The red trace is the derivative of the input signal, obtained and displayed via:
Buf0="<=W0" ;Copy Left In wave to Buf0 Buf0="<D" ;Derivative Buf0="<dWB0(255,0,0)" ;Display with solid red line
The derivative is essentially zero everywhere except at the pulse edges, where it shows a 500 mV positive spike on the rising edge and an equal-amplitude negative spike on the falling edge. The amplitudes will be equal regardless of the duration of the original pulse, making falling edge detection much simpler and more reliable.
To find the sum of all elements in Buf0 and assign it to variable X, use X=Buf0?U. This is useful when finding the dot product of two arrays: You first multiply them together, element by element, then find the sum of all the products. For example, the dot product of Buf0 and Buf1 can be found by:
Buf0="<*B1 ;Multiply Buf0 by Buf1 X=Buf0?U ;Sum all Buf0 elements
See the _Phase_Mtr_Task macro in the Phase Meter mini-app for a working example. Note that if the raw data is from an input or output channel, it has a full-scale range of +/-32767. The product of two elements can thus be over a billion, and the sum of all 1024 elements can easily overflow the buffer data format limit of about 2 billion. That's why _Phase_Mtr_Task divides the raw input data by 32767 before finding the dot product.
In addition to the above, the Macro Math Functions topic discusses Sigma (Summation) Functions, BwSig() and BsSig(), which return the effective energy between any two index positions of a given buffer. These operate just like Sigma mode does for the trace cursors.
Also, Macro Math Functions discusses the pkB(N) and pkb(N) functions, which only find the most-positive peak over either all 1024 or just the first 512 points, respectively. They allow you to specify the buffer number via N, which may be a variable or expression. They also return the index of that peak in read-only variable Posn?p.

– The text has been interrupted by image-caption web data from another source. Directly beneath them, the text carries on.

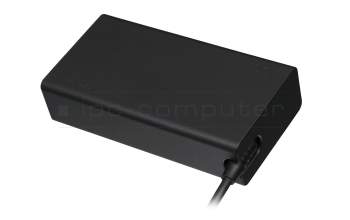 5A10W86311 Original Lenovo USB-C Netzteil 100,0 Watt
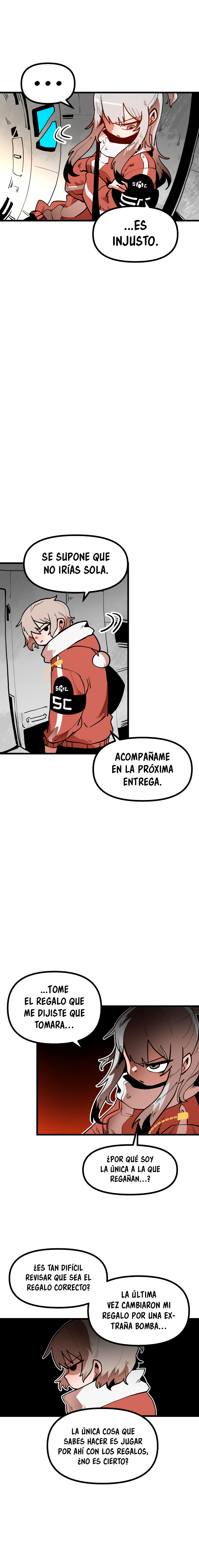 Página 5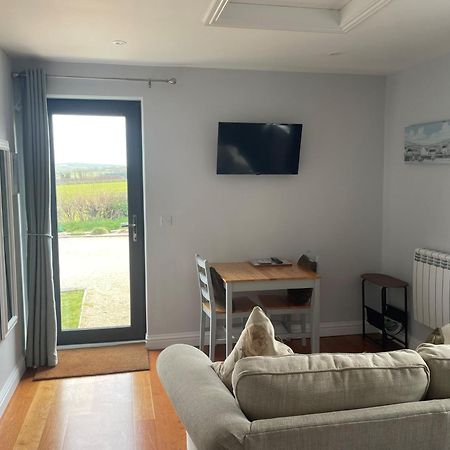 The Captain'S Retreat, Quiet 1 Bed Dog Friendly Puncknowle Екстериор снимка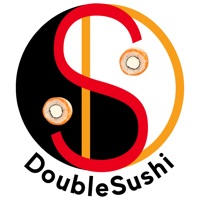 ДаблСуши  Краснодар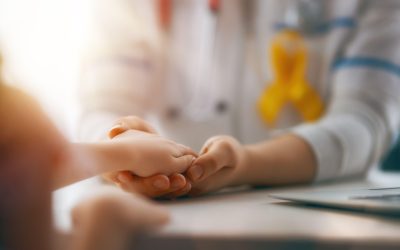 Imunoterapia învinge cancerul: Efecte SF, speranțe mari pentru pacienți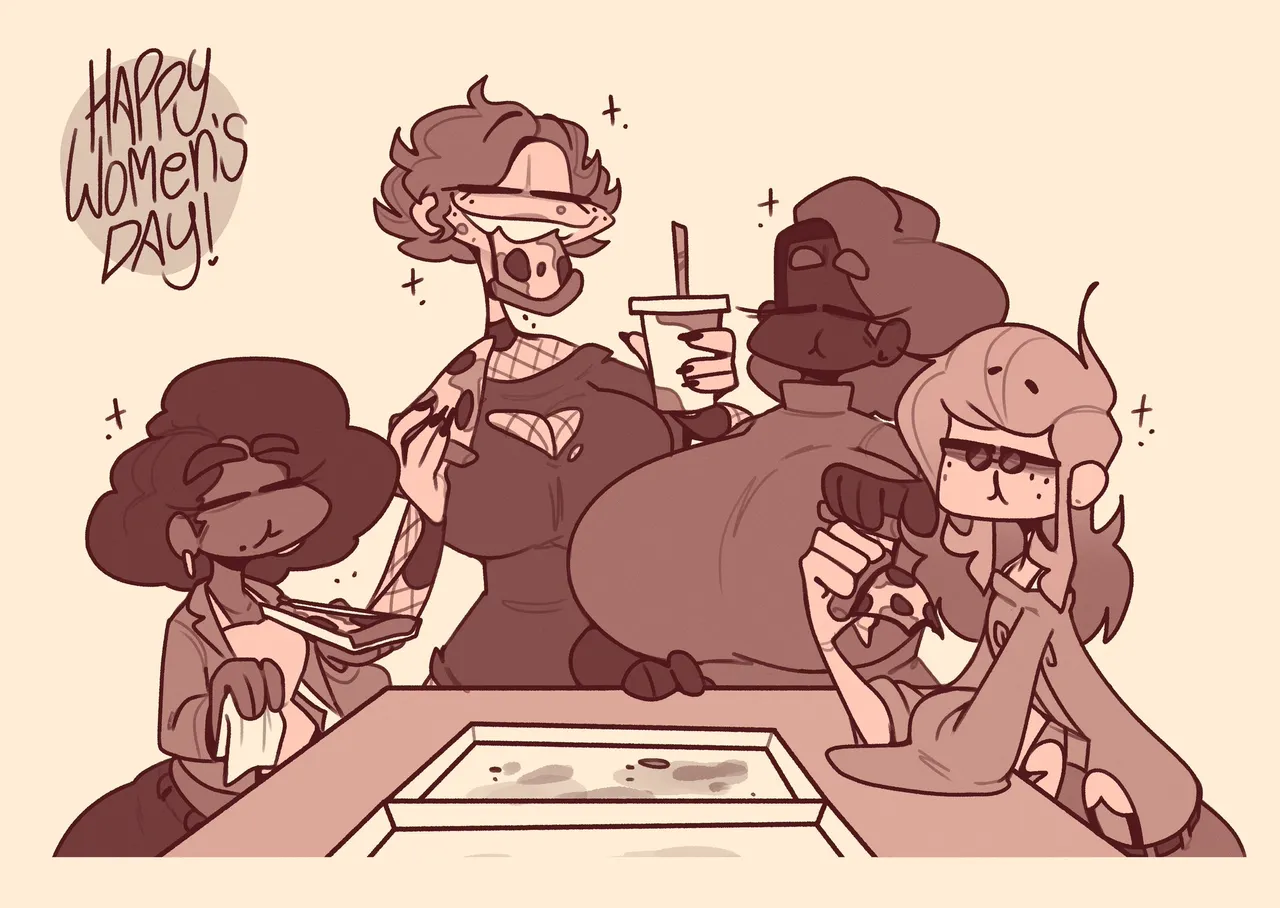 Leoafterhours Jenny - Image 5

Buf0="<o(min,max)" nulls all elements of the Buf0 array except those in (min,max) range, inclusive.
Reversing the order of the index range limits to Buf0="<o(max,min)" nulls all elements within the index range, inclusive.
One use for the first operation is to create a Memory Curve that will correct frequency response over a limited portion of the full spectrum... effectively, a custom Mirror Curve. You might want to do this if you are testing transducers (such as speakers or microphones) whose response falls off and/or is very unpredictable outside the range of interest. If you include those regions in the correction curve, they can result in a distracting display with greatly boosted noise and response irregularities outside the desired region.